Reference: Equivalents to SQL queries
Overview
SQL queries are a kind of "kitchen sink" approach to data extraction—everything you need is in one place. This can lead to large, complex SQL queries that are difficult to understand. With Data Management, the components of an SQL query are divided into functional steps and addressed with separate tools. This results in an understandable and self-documenting process.
Many SQL query components have equivalent Data Management tools:
SELECT
= Select toolFROM
= Input toolsORDER BY
= Sort toolGROUP BY
= Summarize toolHAVING
= Filter tool
SELECT
Data Management's Select tool is roughly equivalent to the SELECT
clause of an SQL query. The Select tool specifies which input fields (columns) you wish you send through the project. It also allows you to change the names of selected fields.
Select can be connected directly downstream from an input tool. Connect a Select tool to each input tool to reduce the set of fields. You can also connect a Select tool to the output of a Join tool to simulate a "natural" Join. The sample project sql_equivalent2 demonstrates this technique.
FROM
Data Management's input tools do the work of SQL's FROM
clause. In the SQL statement SELECT * FROM CUSTOMERS, TRANSACTIONS
, the FROM clause names the database tables from which the raw records for the query are obtained. In Data Management, this corresponds to the data-input tools, such as DBF Input and Flat File Input. You configure an input tool for each table you wish to use as input to a Data Management project.
If you are extracting data from an SQL system to use as input data for a Data Management project, use query and filter settings to minimize the amount of data. You should select only the data you need for the tasks you plan to perform. Reducing the amount of data will speed up your Data Management processing.
WHERE
The SQL WHERE
clause has serves both relational and filtering functions. Two Data Management tools perform the work of the WHERE
clause: the Join tool and the Filter tool.
Join
The Join tool replaces the relational portions of the SQL WHERE
clause. As the name implies, it joins together two tables by matching the values of a single field.
Unlike the join operation implemented by the SQL WHERE
clause, Data Management's Join tool simultaneously computes the left outer, inner, and right outer joins, supplying those tables on outputs labeled "L", "J" and "R" respectively. The availability of all three outputs makes a variety of powerful operations possible. You can:
Find out which records don't match between two tables
Perform a different operation on matching records than non-matching records.

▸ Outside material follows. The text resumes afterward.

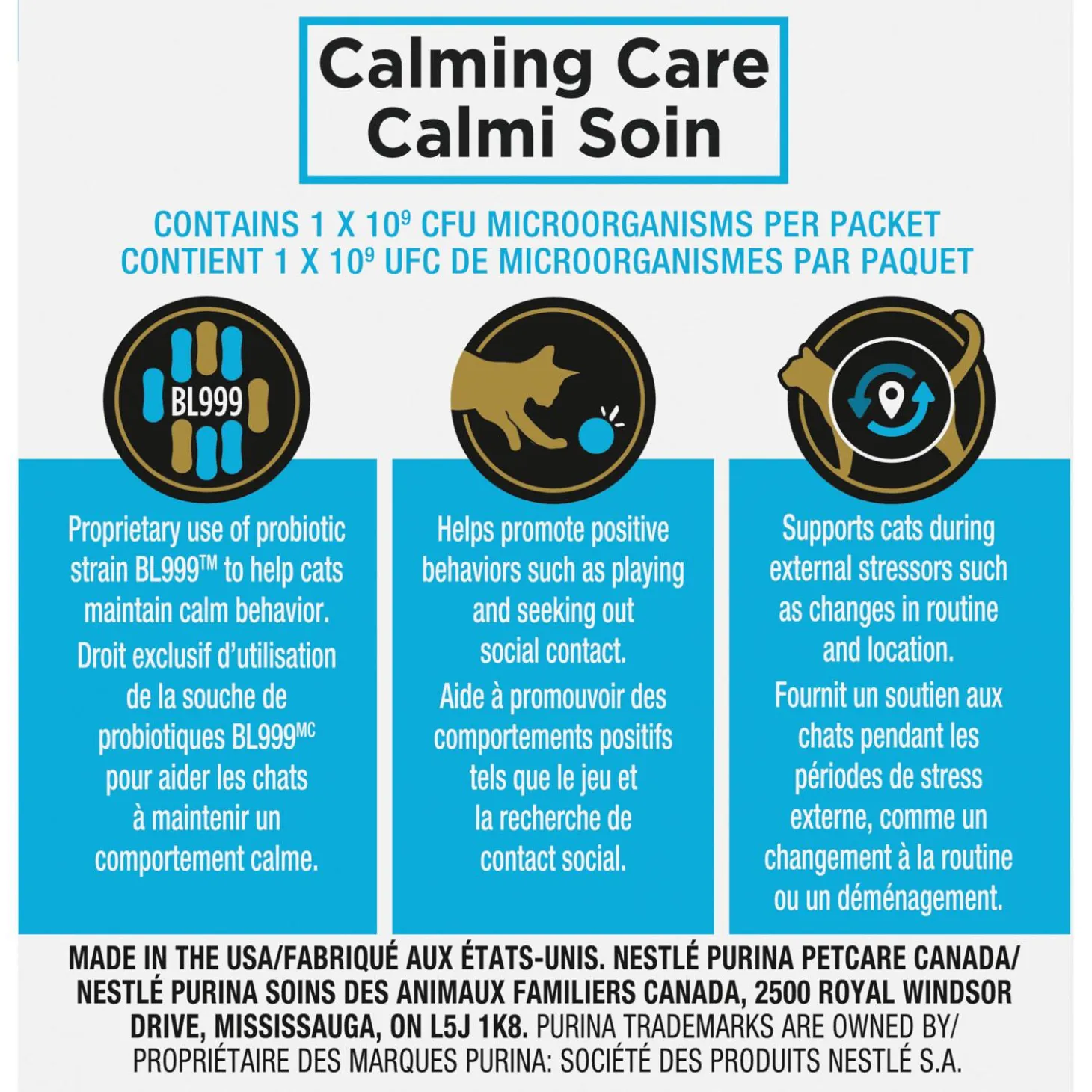 Veterinary Calming Care Cat Supplements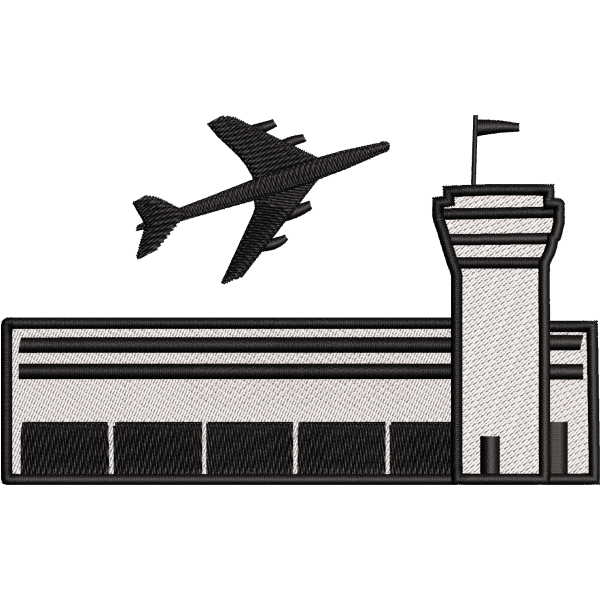 Airport Scene Design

Perform a "table lookup", and supply a default value for non-matching records.
To join more than one table, connect a cascading series of Join tools, where each Join tool adds another table to the results. The sample project publishers_with_fem_authors
demonstrates this technique.
To join on more than one text field, attach a Calculate tool upstream of the Join tool on both the "L" and "R" inputs, and create a new field by combining all of the Join fields. For example, you could create a new field called FULLNAME
and assign the expression FIRST_NAME+LAST_NAME
. After the Join tool, use Select to remove the temporary joining fields.
Filter
The Filter tool filters records from source tables or join results. You can:
Apply filters involving a single table (as in the SQL query
WHERE company.state = "AZ")
.Apply filters involving multiple tables (as in the SQL query
WHERE company.state = "AZ" OR employee.hire_year < 1990)
.
To filter input records with expressions involving the fields of a single table, place a Filter tool immediately "downstream" of the Input tool (before any joins). Note that some database Input tools may have built-in query settings that you can use instead of an explicit Filter tool. If you are extracting a small subset of a large database, this will usually be faster than reading all of the data and then using a separate Filter tool.

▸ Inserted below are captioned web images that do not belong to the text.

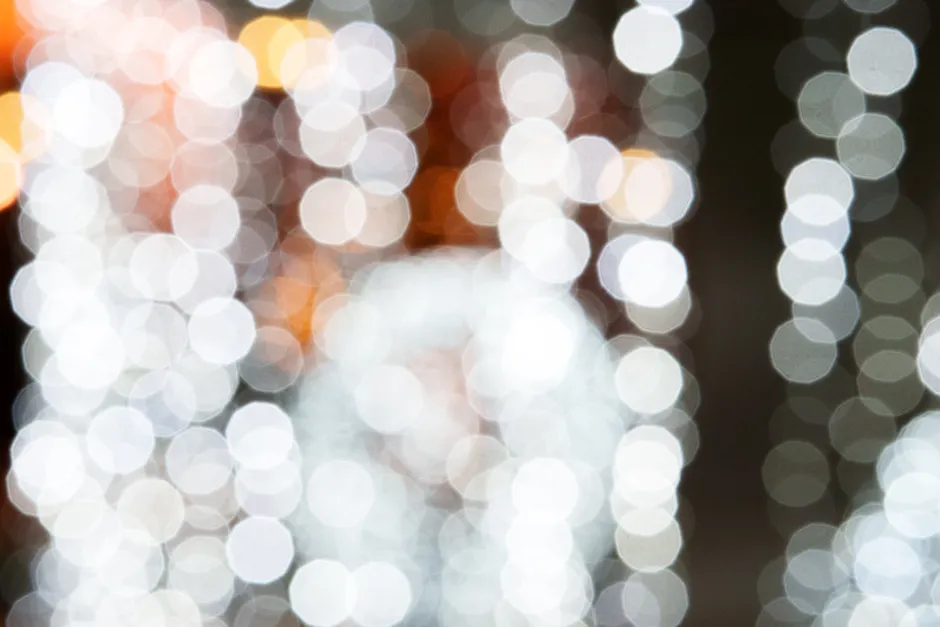 Detail Blurred Lights Background Number 7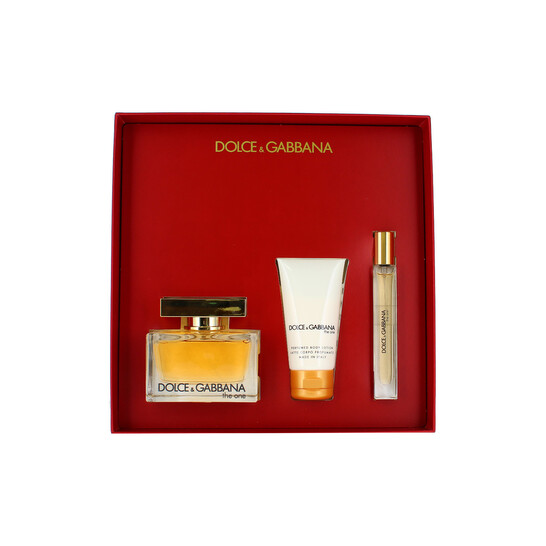 Dolce & Gabbana Ladies The One 3pcs EDP Gift Set Fragrances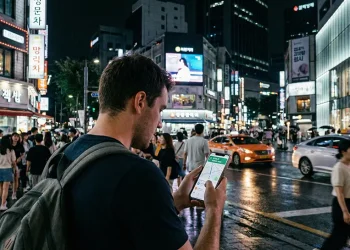 Korea Selatan wajibkan operator beri internet gratis saat kuota habis. Simak aturan dan alasan di balik kebijakan ini. (Foto: roafly.com)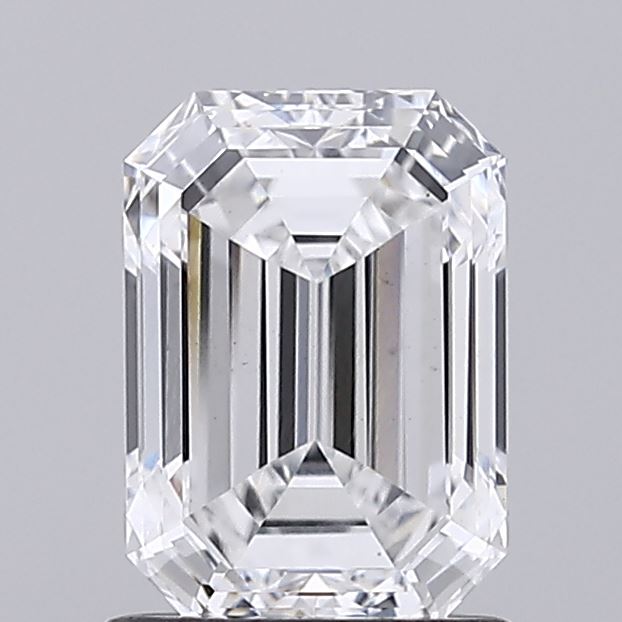1.34ct Emerald lab grown diamond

To filter input records with expressions involving the fields of multiple tables, place a Filter tool immediately "downstream" of the Join tool that matches the tables involved in the expression.
GROUP BY
Data Management's Summarize tool replaces the SQL GROUP BY
clause. It groups records by a one or more fields, and reduces each group to a single representative record. You can specify how records in the groups are combined by selecting an operation for each desired field. Operations include Total, Average, Maximum, Minimum, and Count.
To group and aggregate your records, connect a Summarize tool downstream of any Join tool.
ORDER BY
Data Management's Sort tool performs the work of the SQL ORDER BY
clause. It globally sorts the input records by one or more fields, each of which may be ordered ascending or descending.
To replicate the SQL ORDER BY
clause, connect a Sort tool downstream of any Join or Filter tool.
HAVING
The SQL HAVING
clause is similar to WHERE, but is applied to groups rather than fields.
To replicate the HAVING
clause, connect a Filter tool immediately "downstream" of the Summarize tool implementing the GROUP BY clause.